Material provided: Begin
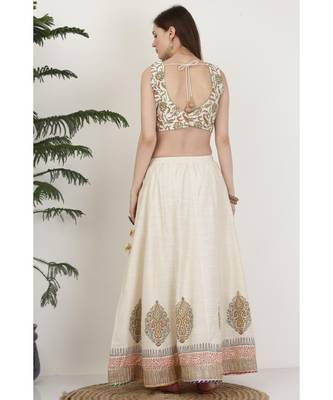 Kaanchie Nanggia Silk White printed Lehenga Set 2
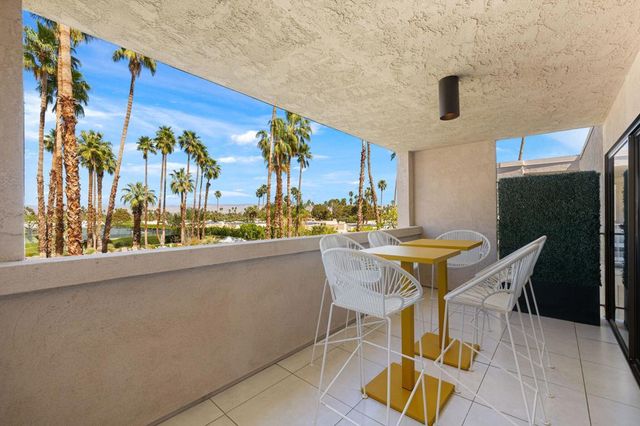 2696 S Sierra Madre F14, Palm Springs, CA 92264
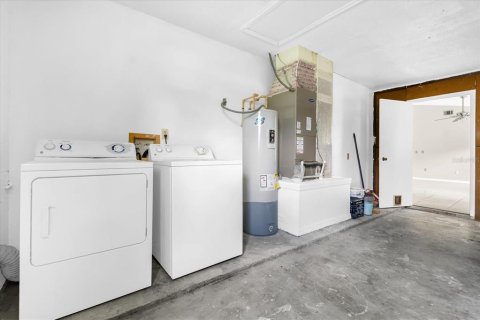 Casa en venta en Kissimmee, Florida, 3 dormitorios, 180.23 m2 № 1900537 - foto 23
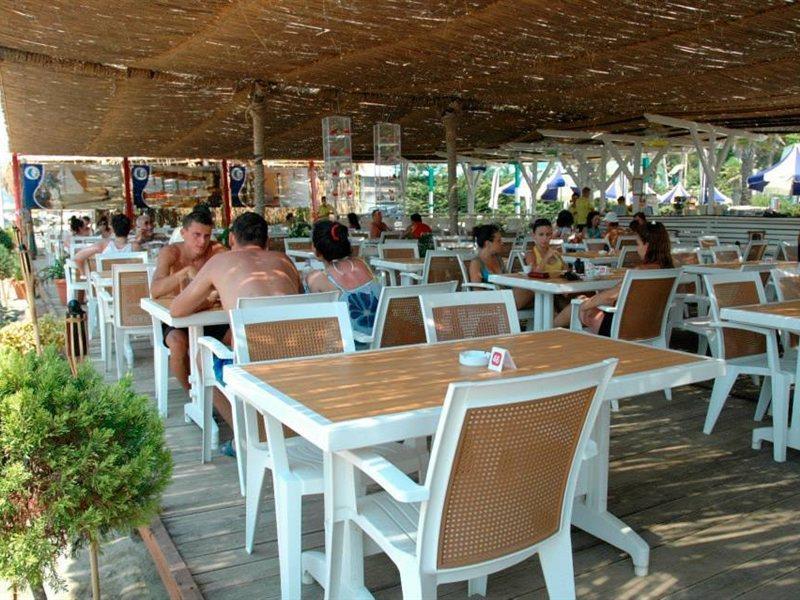 Vela Hotel Kryemëdhej Exterior foto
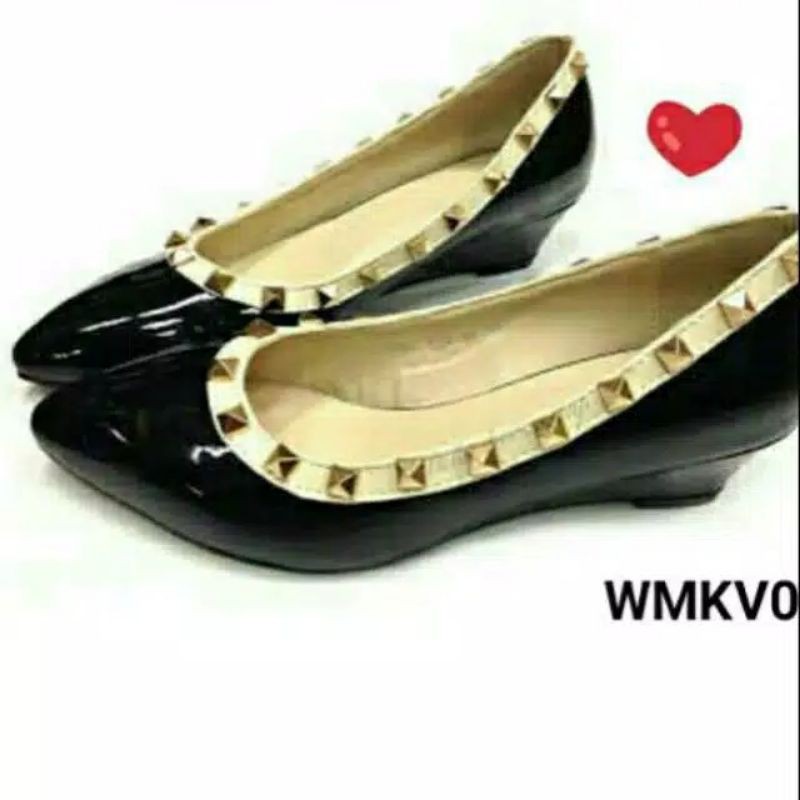 Hils Wedges/ Sepatu Wedges Valentino/ Wedges murah/ Valentino hils/ Sepatu wanita/ wedges wanita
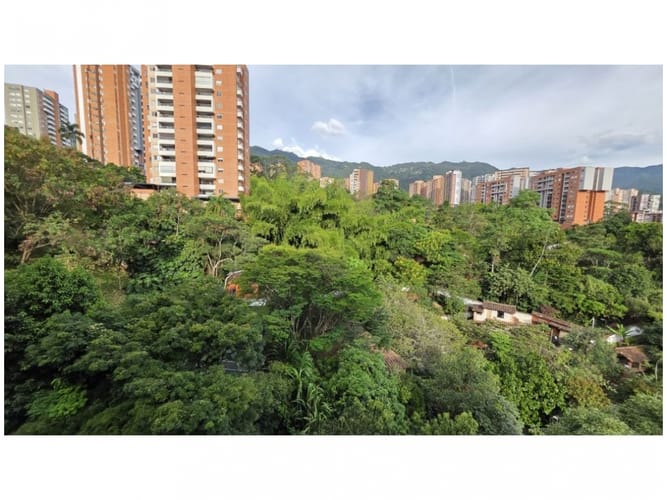 Apartamento de 3 alcobas en venta en Loma Del Esmeraldal, Envigado, 92 m² · foto 11 de 24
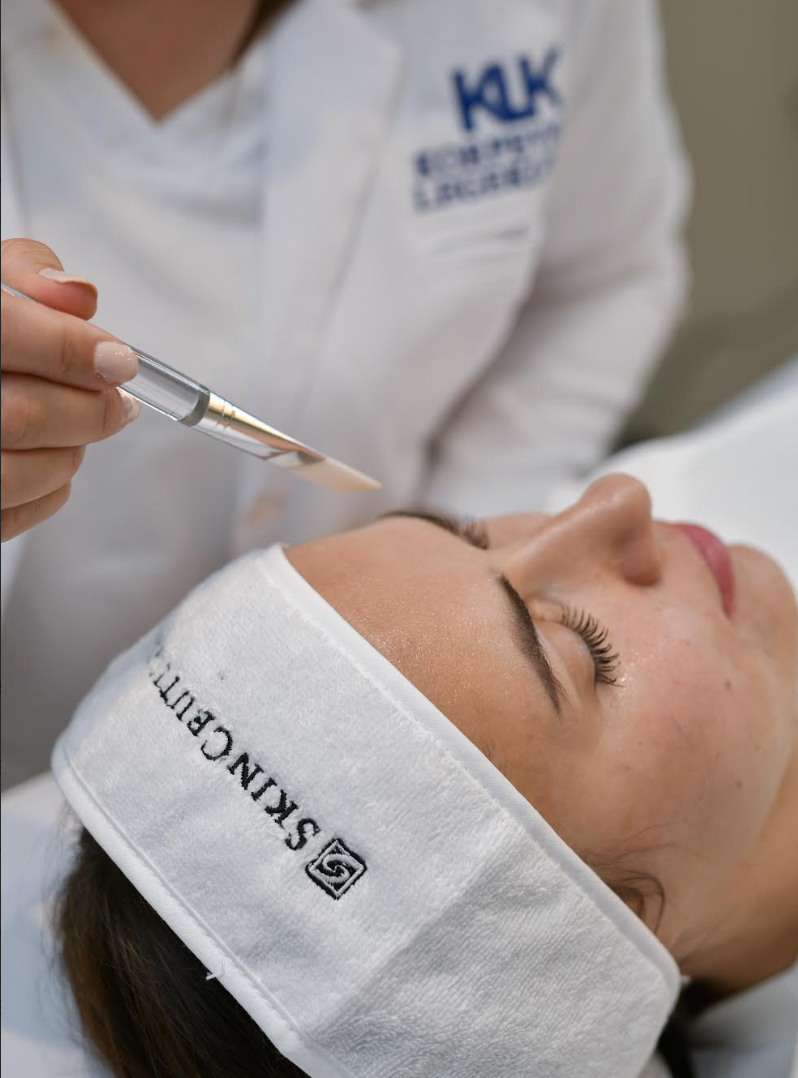 SkinCeuticals medisinsk peeling behandling - Profesjonell hudpleie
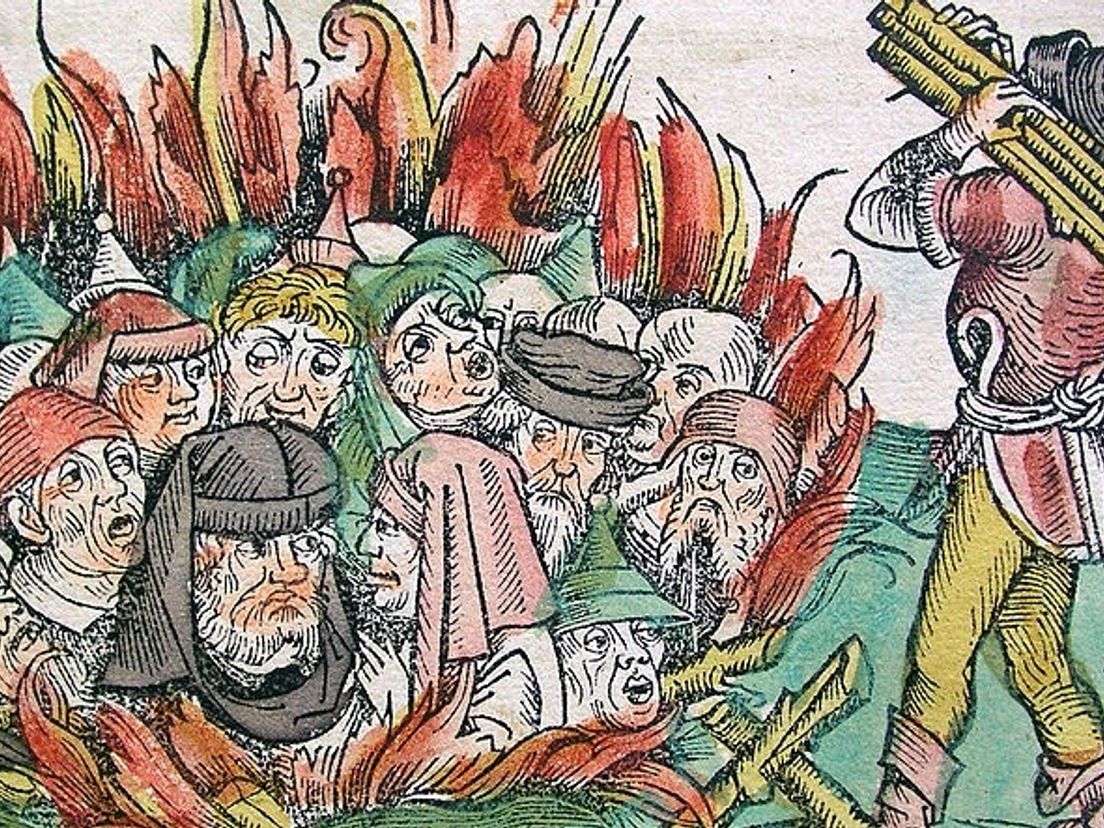 In de 14e eeuw werden joden verbrand tijdens de pestepidemie (uit de Neurenberger Kroniek)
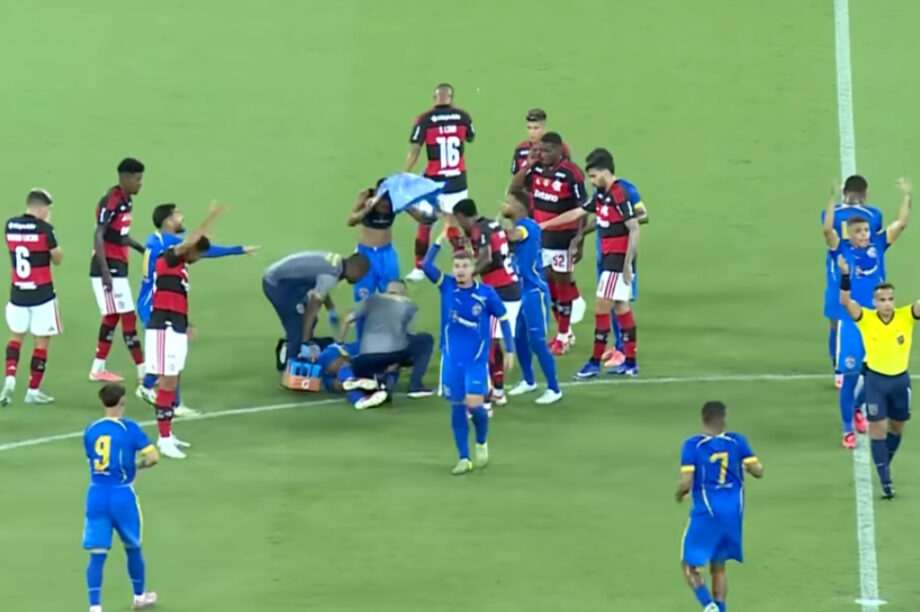 Βραζιλία: Κατέρρευσε την ώρα του αγώνα ποδοσφαιριστής και υπέστη σπασμούς! (βίντεο)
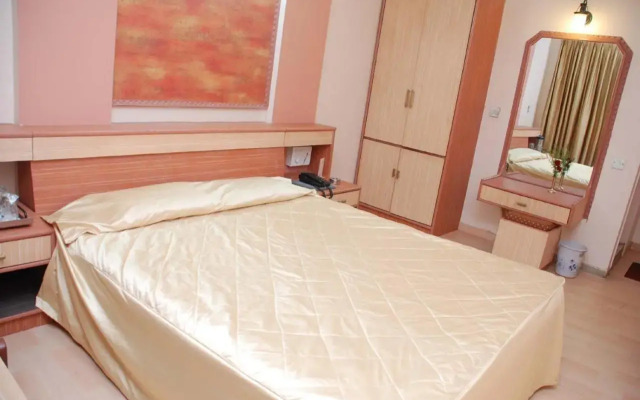 Hotel RutuGandh Heritage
Material provided: End
▶ [Action item]
Drop the pictures; return the lines above from the line containing "Vela Hotel Kryemëdhej Exterior foto" to the line containing "SkinCeuticals medisinsk peeling", both included, exactly.

▶ [Exercise answer]
 Vela Hotel Kryemëdhej Exterior foto
 Hils Wedges/ Sepatu Wedges Valentino/ Wedges murah/ Valentino hils/ Sepatu wanita/ wedges wanita
 Apartamento de 3 alcobas en venta en Loma Del Esmeraldal, Envigado, 92 m² · foto 11 de 24
 SkinCeuticals medisinsk peeling behandling - Profesjonell hudpleie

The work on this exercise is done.